Une large consultation de la base syndicale autour du thème du revenu de base inconditionnel avait été organisée avant le congrès. Dès le printemps, les sections purent ainsi discuter de la question à partir de textes très bien documentés et présentant différentes positions. Lors du congrès lui-même, les papiers envoyés en retour servirent de base à un débat très vif et engagé. Certaines prises de position exprimèrent aussi les inquiétudes, réserves et critiques soulevées par le revenu de base inconditionnel au sein de la base syndicale. Avant tout, c’est l’aspect de l’inconditionnalité qui a suscité de l’incompréhension ; nombre d’orateurs et d’oratrices pouvaient se représenter un revenu de base couplé avec une sorte de service social (à la différence des programmes de type « workfare » ou des fameux « jobs à un euro » etc.). D’autres interventions ont posé le problème du sens et de l’expérience vécue du travail dans un tel contexte. Les syndicats s’engagent en premier lieu pour des emplois et des relations de travail respectant la dignité humaine, ce qui correspond aussi à l’image de soi qu’ont les employés et repose sur une forme d’identification du travailleur avec son travail. Dans ce contexte, le découplage du travail et du revenu n’est pas quelque chose d’évident. De leur côté, les défenseurs du revenu de base ont répliqué qu’au contraire, un revenu de base renforcerait sensiblement cette valeur et qualité du travail compris comme un moment d’identification personnelle.
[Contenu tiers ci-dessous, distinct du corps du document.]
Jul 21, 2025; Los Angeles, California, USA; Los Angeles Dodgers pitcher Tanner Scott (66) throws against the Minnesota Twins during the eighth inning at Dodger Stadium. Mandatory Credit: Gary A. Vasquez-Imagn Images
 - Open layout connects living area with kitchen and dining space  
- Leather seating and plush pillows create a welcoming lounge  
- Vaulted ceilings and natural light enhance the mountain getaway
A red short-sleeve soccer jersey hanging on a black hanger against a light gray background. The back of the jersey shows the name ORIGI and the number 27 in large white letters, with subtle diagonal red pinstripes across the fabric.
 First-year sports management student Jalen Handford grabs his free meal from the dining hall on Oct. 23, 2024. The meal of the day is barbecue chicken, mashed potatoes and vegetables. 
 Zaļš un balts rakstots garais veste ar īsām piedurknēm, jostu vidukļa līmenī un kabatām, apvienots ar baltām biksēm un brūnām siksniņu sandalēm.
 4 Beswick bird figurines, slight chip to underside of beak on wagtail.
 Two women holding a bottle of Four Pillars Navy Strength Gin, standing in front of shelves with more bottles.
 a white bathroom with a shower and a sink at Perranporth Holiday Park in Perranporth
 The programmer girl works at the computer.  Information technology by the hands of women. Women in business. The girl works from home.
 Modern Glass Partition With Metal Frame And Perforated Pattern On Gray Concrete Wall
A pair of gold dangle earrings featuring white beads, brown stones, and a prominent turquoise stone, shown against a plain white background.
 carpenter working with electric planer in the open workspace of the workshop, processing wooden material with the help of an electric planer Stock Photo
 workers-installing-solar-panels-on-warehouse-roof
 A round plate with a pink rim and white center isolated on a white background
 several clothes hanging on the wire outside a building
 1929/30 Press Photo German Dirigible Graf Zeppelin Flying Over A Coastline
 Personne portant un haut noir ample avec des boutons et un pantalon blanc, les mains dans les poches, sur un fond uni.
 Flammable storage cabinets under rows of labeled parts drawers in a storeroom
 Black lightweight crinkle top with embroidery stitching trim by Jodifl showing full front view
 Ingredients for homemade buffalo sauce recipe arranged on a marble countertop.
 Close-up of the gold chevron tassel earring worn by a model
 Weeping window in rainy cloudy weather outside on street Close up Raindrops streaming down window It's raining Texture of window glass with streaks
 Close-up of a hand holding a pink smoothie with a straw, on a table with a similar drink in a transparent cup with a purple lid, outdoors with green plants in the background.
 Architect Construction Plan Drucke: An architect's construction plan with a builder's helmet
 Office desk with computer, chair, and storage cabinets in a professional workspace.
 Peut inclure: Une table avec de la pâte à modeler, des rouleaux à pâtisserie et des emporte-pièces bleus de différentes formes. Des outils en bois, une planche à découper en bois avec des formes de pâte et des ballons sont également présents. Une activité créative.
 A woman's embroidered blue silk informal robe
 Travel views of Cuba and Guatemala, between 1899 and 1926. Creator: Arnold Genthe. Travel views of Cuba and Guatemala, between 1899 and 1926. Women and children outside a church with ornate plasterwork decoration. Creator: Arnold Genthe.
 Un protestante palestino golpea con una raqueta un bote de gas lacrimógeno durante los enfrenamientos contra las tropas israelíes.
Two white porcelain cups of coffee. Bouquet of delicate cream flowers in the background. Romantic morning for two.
Bien entendu, dans la salle du congrès, le débat engagé sur le podium ne parvint pas à convaincre tous les sceptiques ; néanmoins, une majorité de délégués a donné à la direction syndicale le mandat de poursuivre son engagement pour le revenu de base en tant que chance pour tous et de « soutenir cette vision d’un avenir équitable et durable que représente le revenu de base inconditionnel ».
La discussion du revenu de base inconditionnel faisait partie d’un débat plus large portant sur les fondements d’éthique sociale et qui avait été engagé lors de la première journée du congrès, le 29 octobre. Selon le syndicat Syna, l’action syndicale au quotidien, en faveur des membres et plus généralement, des employés et employées, doit être périodiquement remise en question et confirmée par de telles discussions de valeurs fondamentales.
Les racines de Syna sont marquées par l’engagement chrétien. Avec quelques 65.000 membres, c’est le syndicat le plus important de la deuxième confédération syndicale suisse, Travail Suisse, et également le deuxième plus grand syndicat de Suisse. En tant que syndicat interprofessionnel, il défend les intérêts de ses membres et prend part à la négociation des conventions collectives de travail dans les secteurs de l’industrie et des services les plus divers, en particulier dans le bâtiment et dans l’industrie.